- **Data provided**
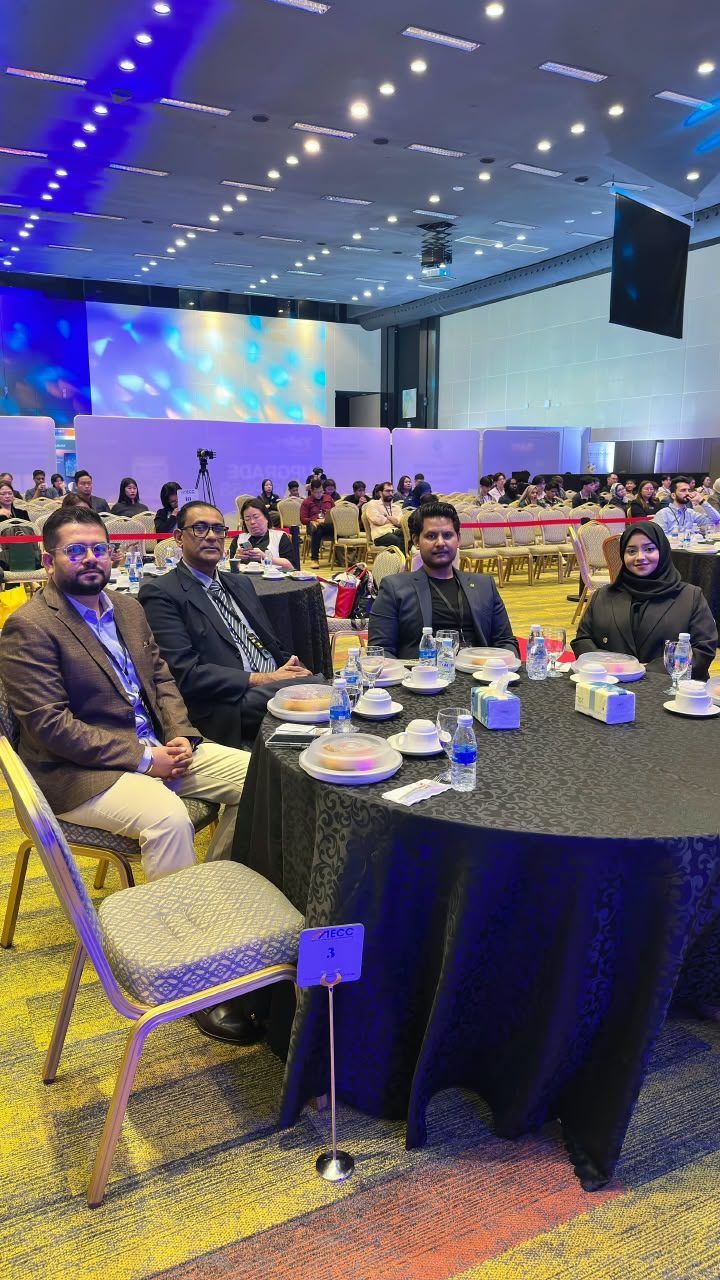 The Techies Infotech team at the summit’s networking dinner in Kuala Lumpur.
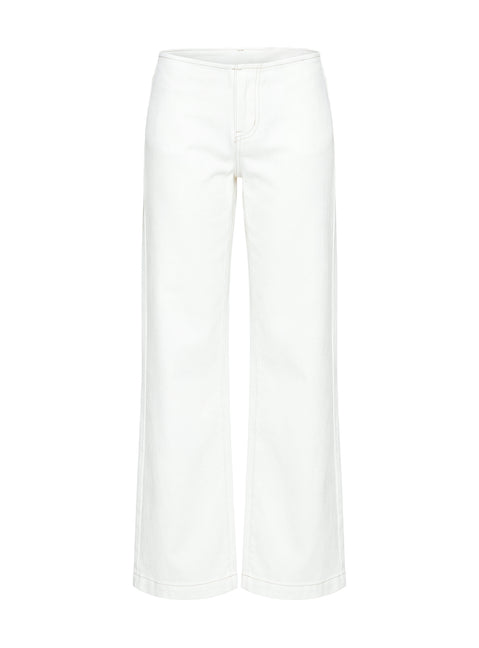 Buenos No Waist Low Rise Straight Leg Jeans White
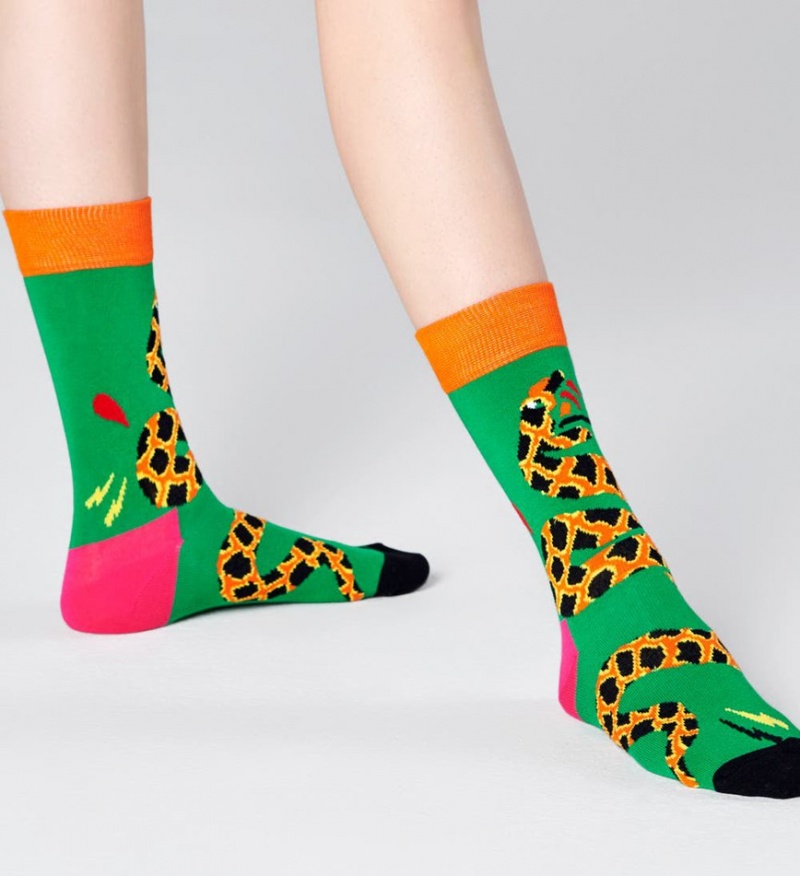 Happy Socks Tropical Snake Socken Unisex Grün | Schweiz 67231BXCY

- **The task**
Reproduce exactly the lines from the one with "Buenos No Waist" to the bottom of the listing, both ends included, and nothing else. Skip the pictures.

- **Expected answer**
 Buenos No Waist Low Rise Straight Leg Jeans White
 Happy Socks Tropical Snake Socken Unisex Grün | Schweiz 67231BXCY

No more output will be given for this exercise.